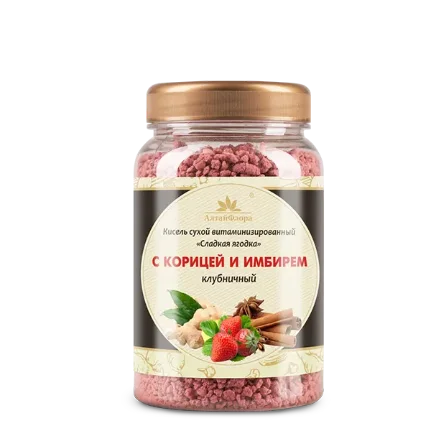 Кисель клубничный с корицей и имбирем (ВЕС: 250 гр)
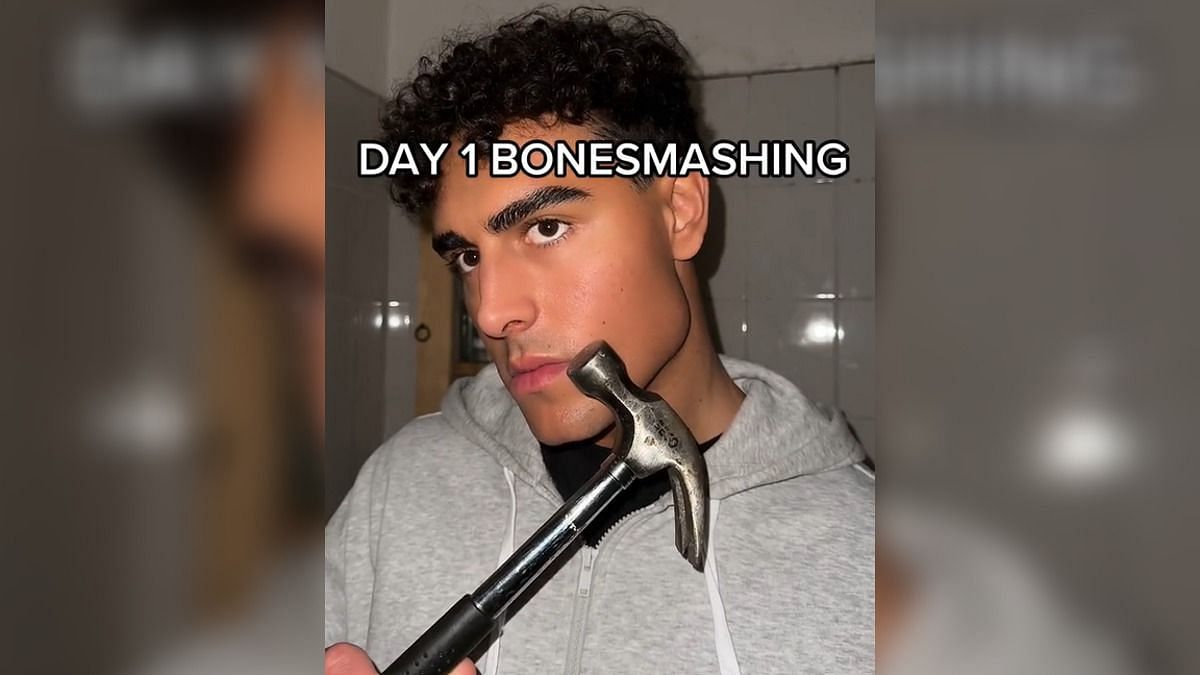 Bone-smashing TikTok trend (Image via TikTok)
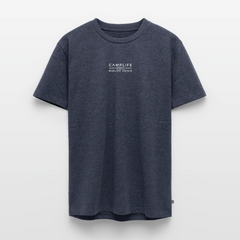 Camplife statt Midlife Crisis - Herren Camping T-Shirt - Jeansblau 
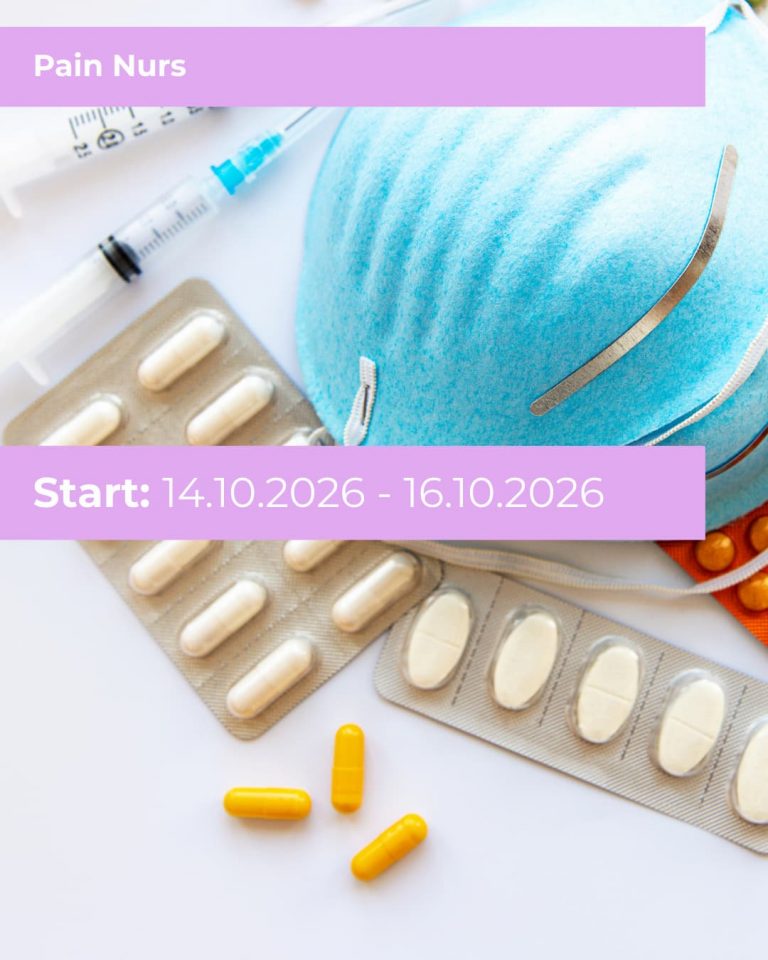 Pain Nursing (Schmerzmanagement) – 14.10.2026 – 16.10.2026 – PN022026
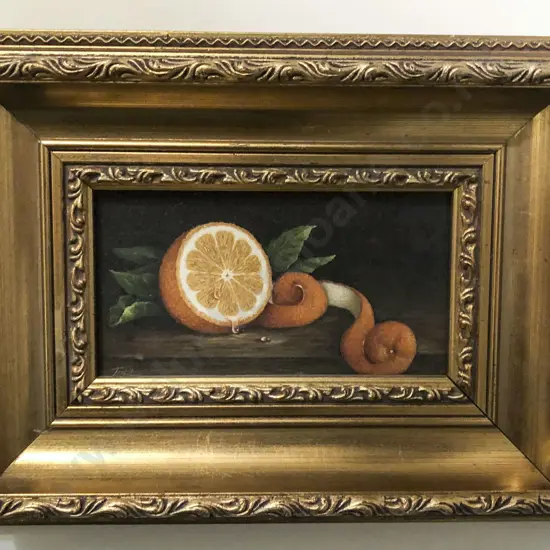 Patricia Bunyan - Oil Still Life of Orange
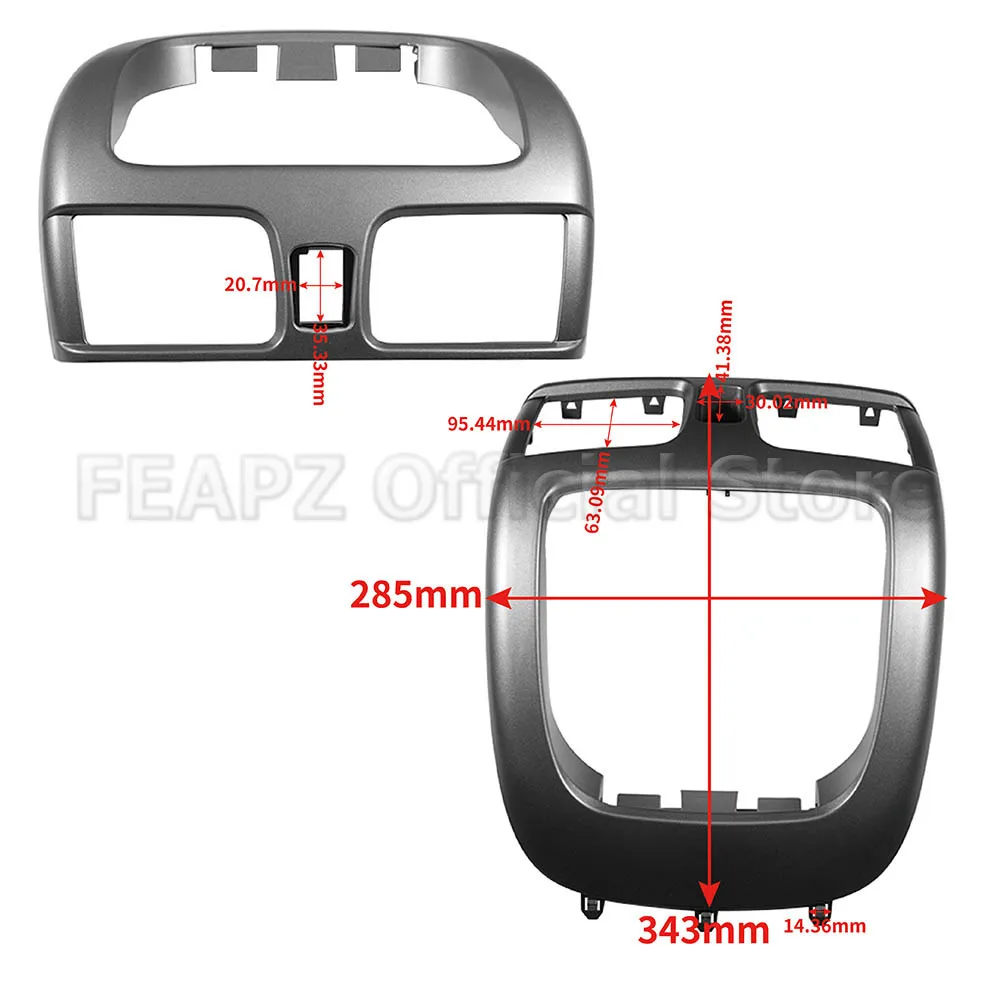 682605M002 Central Dashboard Air VentOutlet For Nissan Sentra Sunny Center Dash Air Vent Cubby Storage Hazard Switch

What this task involves
The reply should contain every line of the material exactly, and no images.

Completed exercise
 Кисель клубничный с корицей и имбирем (ВЕС: 250 гр)
 Bone-smashing TikTok trend (Image via TikTok)
 Camplife statt Midlife Crisis - Herren Camping T-Shirt - Jeansblau 
 Pain Nursing (Schmerzmanagement) – 14.10.2026 – 16.10.2026 – PN022026
 Patricia Bunyan - Oil Still Life of Orange
 682605M002 Central Dashboard Air VentOutlet For Nissan Sentra Sunny Center Dash Air Vent Cubby Storage Hazard Switch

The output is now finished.